- Generation: Generation III+ reactor
- Reactor concept: Pressurized water reactor
- Reactor line: VVER (Voda Voda Energo Reactor)
- Reactor types: 4 VVER-1200 reactors
- Coordinates: 58°22′00″N 41°36′00″E﻿ / ﻿58.36667°N 41.60000°E

Main parameters of the reactor core
- Fuel (fissile material): ^{235}U (NU/SEU/LEU)
- Fuel state: Solid
- Neutron energy spectrum: Thermal
- Primary control method: Control rods
- Primary moderator: Water
- Primary coolant: Liquid (light water)

Reactor usage
- Primary use: Generation of electricity
- Power (electric): 4800MW

= Kostroma Nuclear Power Plant =

Proposed Russian nuclear power plant

Kostroma Nuclear Power Plant is a proposed, but as-yet non-existent nuclear power plant that was to be erected in the Buysky District, of Kostroma Oblast in Russia.

== History ==
In the mid-1970s within the erstwhile Soviet Union, it was decided by the Soviet Council of Ministers under chairman Alexei Kosygin that a nuclear power plant would be constructed in Kostroma, using two RBMKP-2400 generation II reactor cores.

Construction began in 1979, with several design changes made throughout; in the 1980s, Soviet planners decided to build two RBMK-1500 reactors instead.
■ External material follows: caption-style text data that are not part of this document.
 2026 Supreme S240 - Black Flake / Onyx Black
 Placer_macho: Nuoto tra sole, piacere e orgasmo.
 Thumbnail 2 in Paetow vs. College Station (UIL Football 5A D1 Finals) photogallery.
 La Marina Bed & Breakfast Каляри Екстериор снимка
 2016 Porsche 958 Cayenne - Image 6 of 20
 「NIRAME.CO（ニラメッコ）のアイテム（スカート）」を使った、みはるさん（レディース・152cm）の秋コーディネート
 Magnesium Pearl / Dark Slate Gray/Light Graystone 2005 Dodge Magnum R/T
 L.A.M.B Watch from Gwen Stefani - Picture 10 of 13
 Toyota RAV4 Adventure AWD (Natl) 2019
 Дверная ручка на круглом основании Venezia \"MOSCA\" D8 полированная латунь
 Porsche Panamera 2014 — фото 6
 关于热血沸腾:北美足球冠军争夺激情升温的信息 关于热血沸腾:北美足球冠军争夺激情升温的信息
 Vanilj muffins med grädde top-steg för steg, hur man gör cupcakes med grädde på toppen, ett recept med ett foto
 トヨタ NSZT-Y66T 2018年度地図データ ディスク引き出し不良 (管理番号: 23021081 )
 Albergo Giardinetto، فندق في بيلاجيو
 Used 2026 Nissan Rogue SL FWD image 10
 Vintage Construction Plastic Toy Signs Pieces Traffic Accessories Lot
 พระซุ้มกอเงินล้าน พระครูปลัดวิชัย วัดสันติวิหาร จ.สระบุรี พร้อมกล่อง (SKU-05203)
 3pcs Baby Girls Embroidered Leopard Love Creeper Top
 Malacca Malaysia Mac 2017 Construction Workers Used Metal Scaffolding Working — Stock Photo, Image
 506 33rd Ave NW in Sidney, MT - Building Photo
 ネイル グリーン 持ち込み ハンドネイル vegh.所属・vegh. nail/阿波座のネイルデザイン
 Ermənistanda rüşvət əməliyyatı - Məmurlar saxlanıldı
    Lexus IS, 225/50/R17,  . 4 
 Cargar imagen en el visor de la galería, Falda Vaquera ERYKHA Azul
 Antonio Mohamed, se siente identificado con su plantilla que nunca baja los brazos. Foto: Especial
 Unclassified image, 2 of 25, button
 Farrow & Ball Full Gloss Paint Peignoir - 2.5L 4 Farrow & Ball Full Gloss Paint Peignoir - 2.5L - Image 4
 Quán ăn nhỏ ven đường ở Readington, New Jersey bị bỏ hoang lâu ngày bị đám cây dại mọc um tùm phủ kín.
In the aftermath of the 1986 Chernobyl disaster, the plant's design was again re-drawn to use VVER-1000 reactors. All construction came to a complete stop in 1990, not long before the collapse of the Soviet Union. In the '90s, a proposal was made to build two VPBER-600 reactors (variants of the VVER-640 design), but the proposal never reached production stage.

On 8 December 1996, further construction was rejected by referendum with 87% voting against. By 1999, the Kostroma Regional Court and later Supreme Court of the Russian Federation ruled the Kostroma Oblast Duma decision to hold a referendum (date 25 April 1996, No. 278) illegal.

Per resolution No. 1574 of the Kostroma Oblast Duma, date 1 March 2007, all resolutions preventing construction were cancelled and, therefore, construction was to resume in earnest; on-site switchgear had already been installed that could handle up to 500kV.

== Resumed construction efforts (2008) ==
On 14 October 2008, Kostroma's regional governor was presented with a Declaration of Intent to invest in the construction of two power units, signed by Rosatom State Corporation's then General Director, Sergey Kiriyenko. Public hearings held in 2009 discussed the potential environmental impact for power units No. 1 and 2 of the plant. Construction of the plant was also referenced by a government scheme to improve energy infrastructure within Russia, approved for construction until the year 2030 by order of the Russian government.

It was decided that the plant would be built in stages: between 2016 and 2020, two power units would be built using the VVER-1200 design with a capacity of 2300MW. Later, two additional units would have been installed for a total capacity of 4600MW.

== Construction canceled again (2011) ==

By April 2011, Rosatom had received a license from Russian energy regulator Rostekhnadzor, authorising construction. In the end, Rosatom canceled all construction plans.

To this day, the Kostroma Nuclear Power Plant has never been built.